Please output only the lines running from the one that contains "1596 MORNINGSTAR AVENUE - 16" through the last line of the data below, exactly as they stand, with no pictures.

━━ SUPPLIED MATERIAL

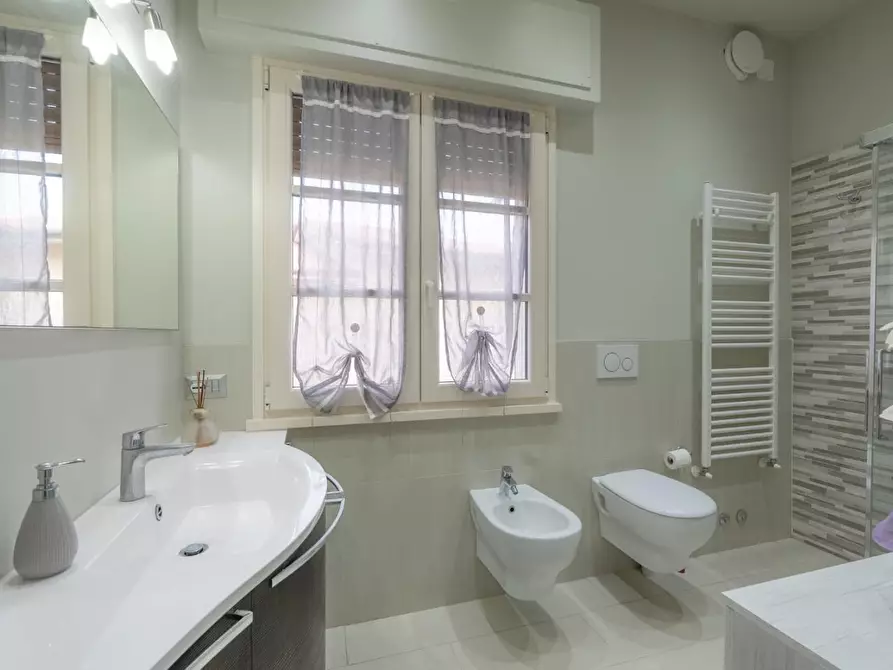 Immagine 22 di Villa in vendita  a Forte Dei Marmi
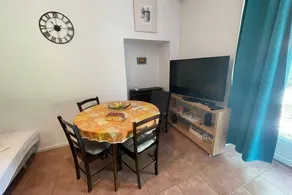 Charming studio with river view - Image 2
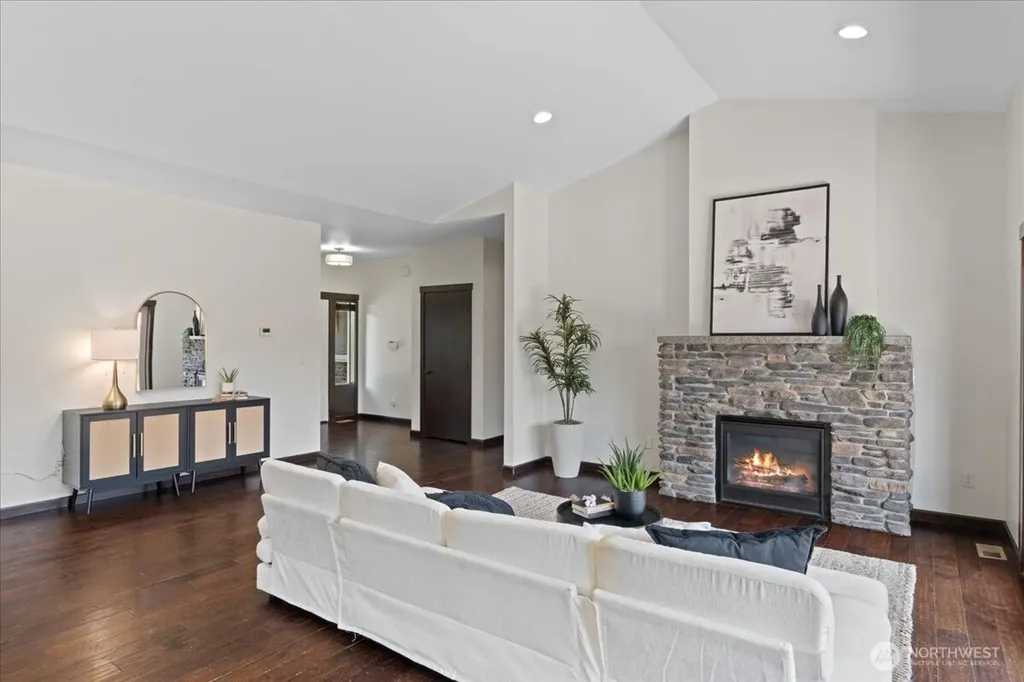 7523 Broadway Everett WA 98203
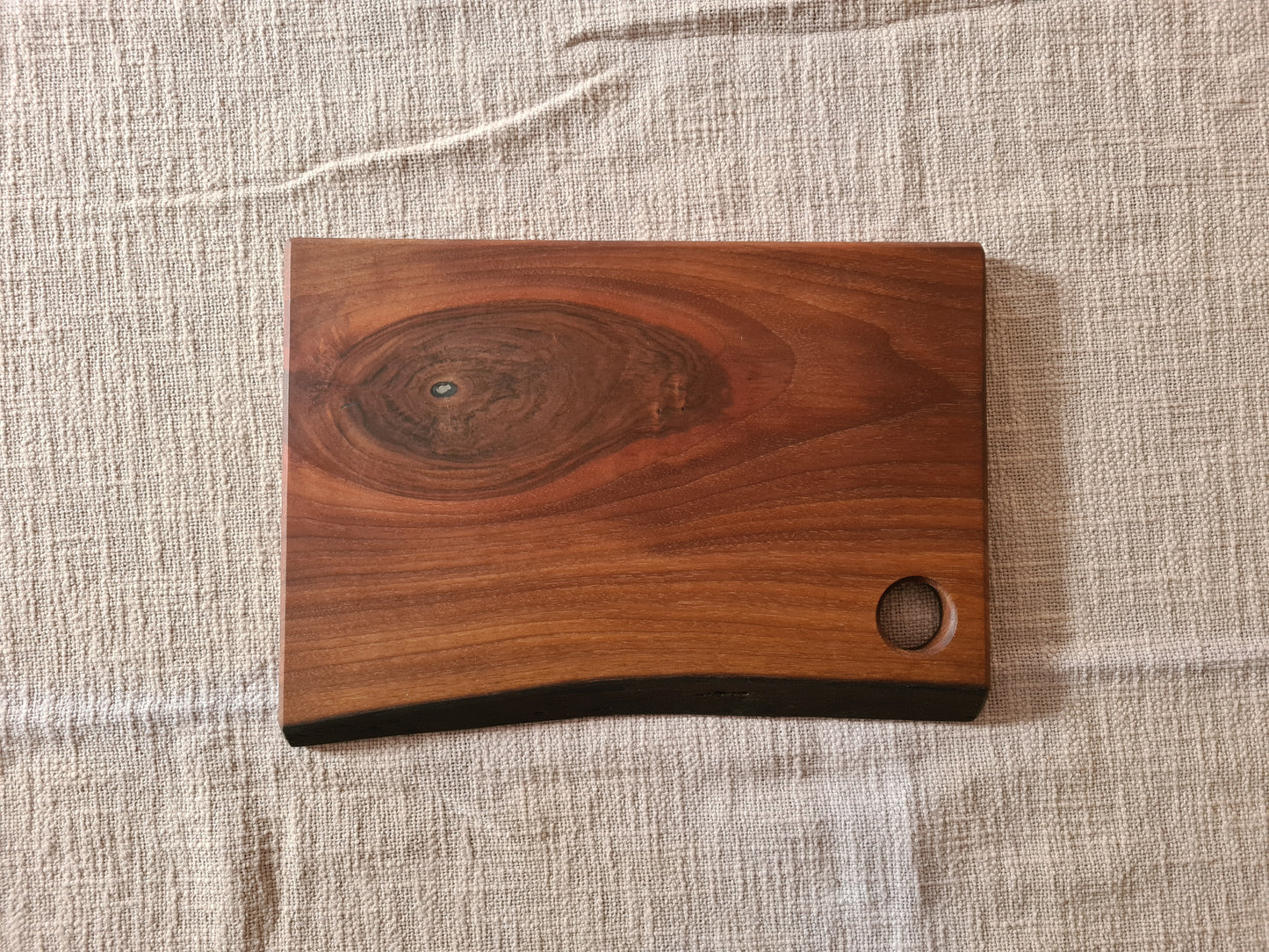 Schneid- & Servierbrett / Nussbaum geölt / mit Aufhängung bzw. Ei-Halter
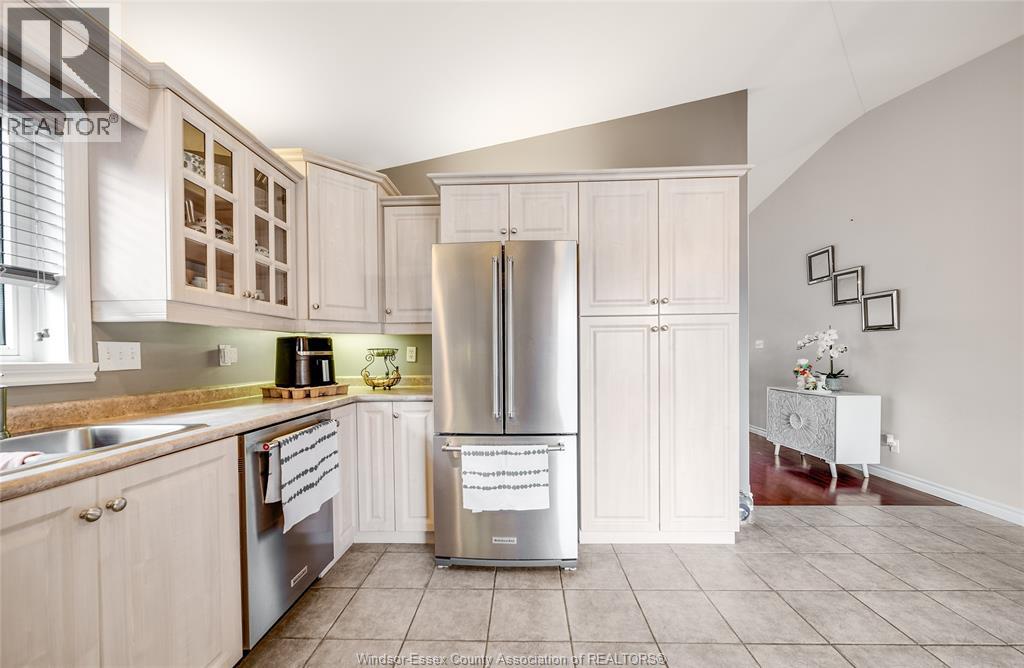 1596 MORNINGSTAR AVENUE - 16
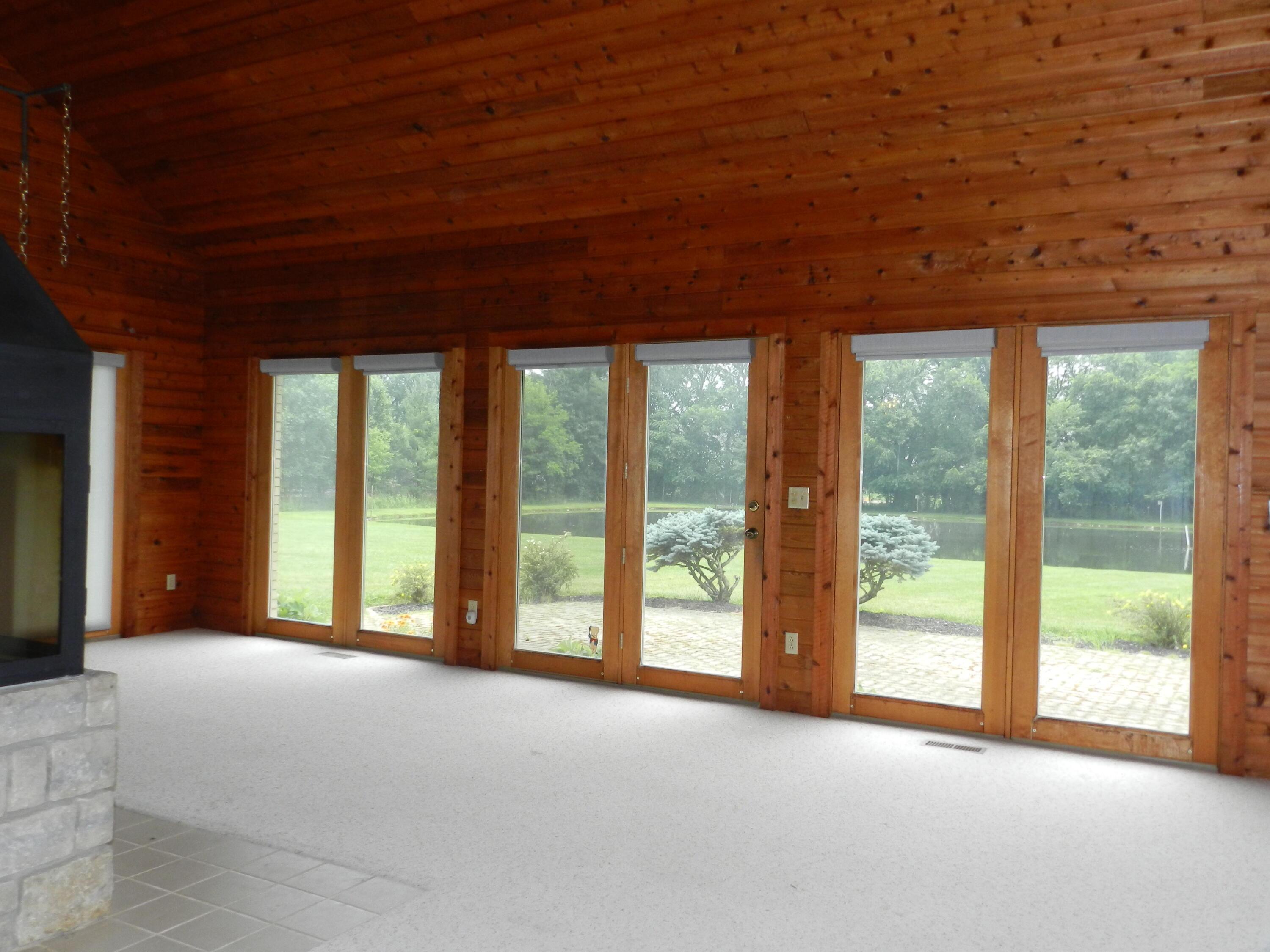 6621 Tussic St Road Westerville, OH 43082 - Photo 24 of 35 4 Season Room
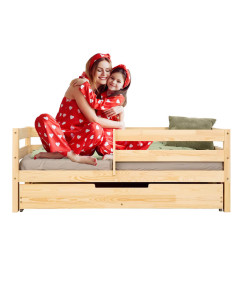 Un lit enfant 2 places, doté d'une barrière de sécurité tout autour et d'un tiroir de rangement, spécifiquement conçu pour accueillir un matelas de 120 et 140 de large et de 190 et 200 de long. Fabriqué en pin par les ateliers Adeko, suivant le modèle CPD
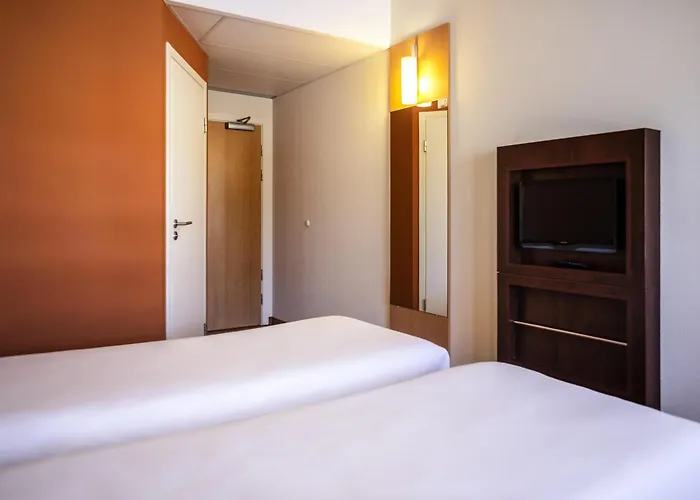 Hotel Ibis Centre 3*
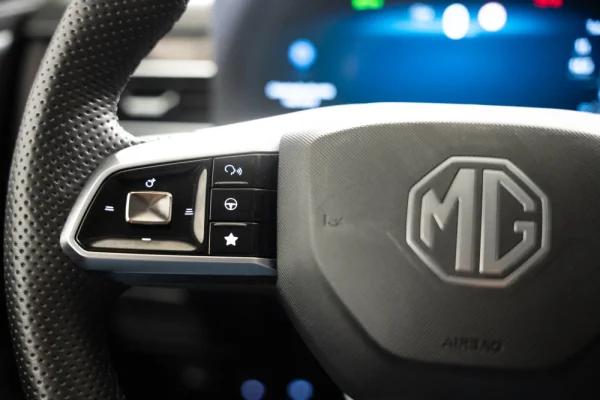 MG HS 1.5 Plug-in Hybrid Luxury 13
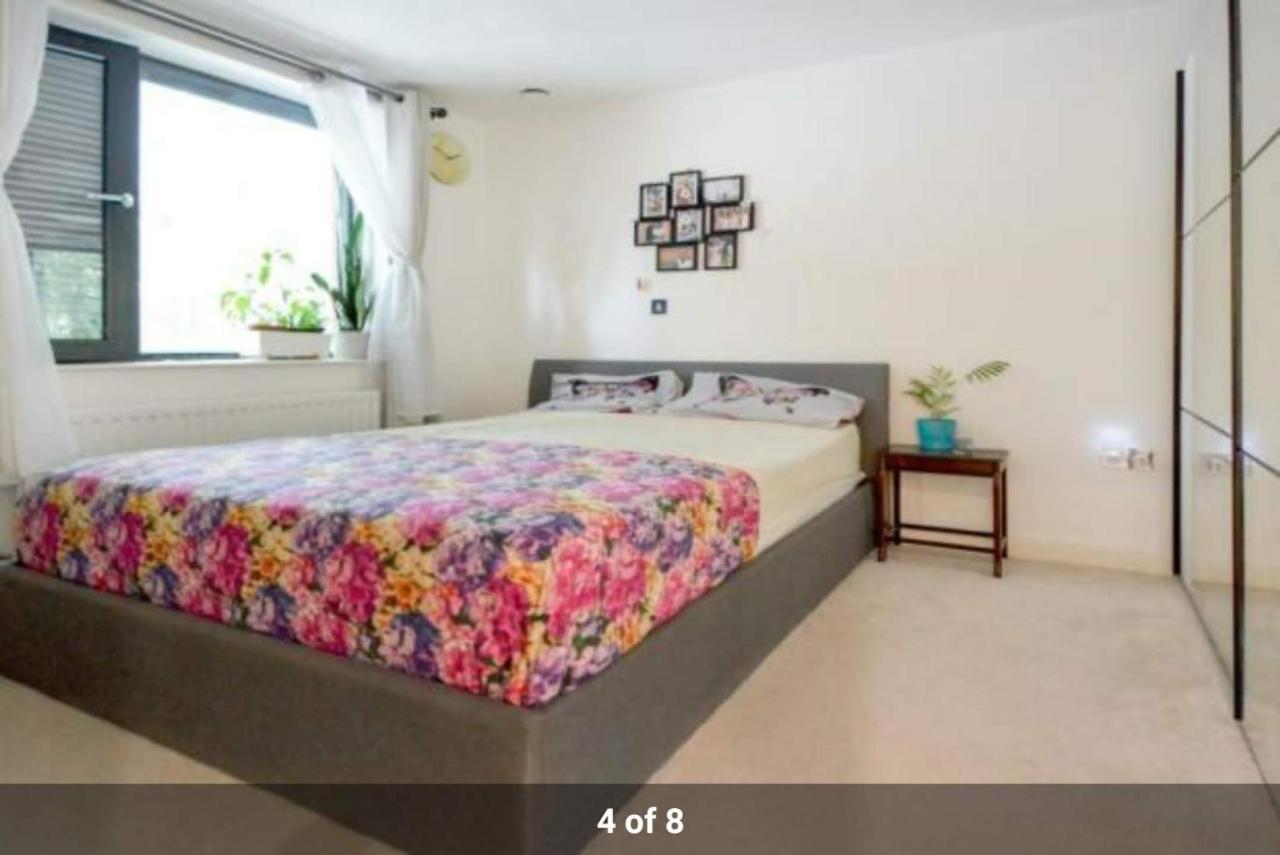 London Holiday Home Newly Refurbished - Entire 4 Bedroom Private House With Kitchen, Living Room & Private Garden - 1 Cape House London, Within 30 Mins From Central London, London Bridge & Canary Wharf 외부 사진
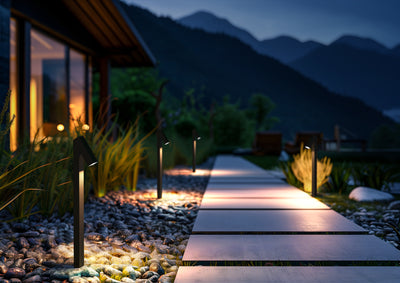 illuminazione viale con lampioncini ad energia solare, flusso luminoso 500 lumen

━━━━

EXPECTED OUTPUT:
 1596 MORNINGSTAR AVENUE - 16
 6621 Tussic St Road Westerville, OH 43082 - Photo 24 of 35 4 Season Room
 Un lit enfant 2 places, doté d'une barrière de sécurité tout autour et d'un tiroir de rangement, spécifiquement conçu pour accueillir un matelas de 120 et 140 de large et de 190 et 200 de long. Fabriqué en pin par les ateliers Adeko, suivant le modèle CPD
 Hotel Ibis Centre 3*
 MG HS 1.5 Plug-in Hybrid Luxury 13
 London Holiday Home Newly Refurbished - Entire 4 Bedroom Private House With Kitchen, Living Room & Private Garden - 1 Cape House London, Within 30 Mins From Central London, London Bridge & Canary Wharf 외부 사진
 illuminazione viale con lampioncini ad energia solare, flusso luminoso 500 lumen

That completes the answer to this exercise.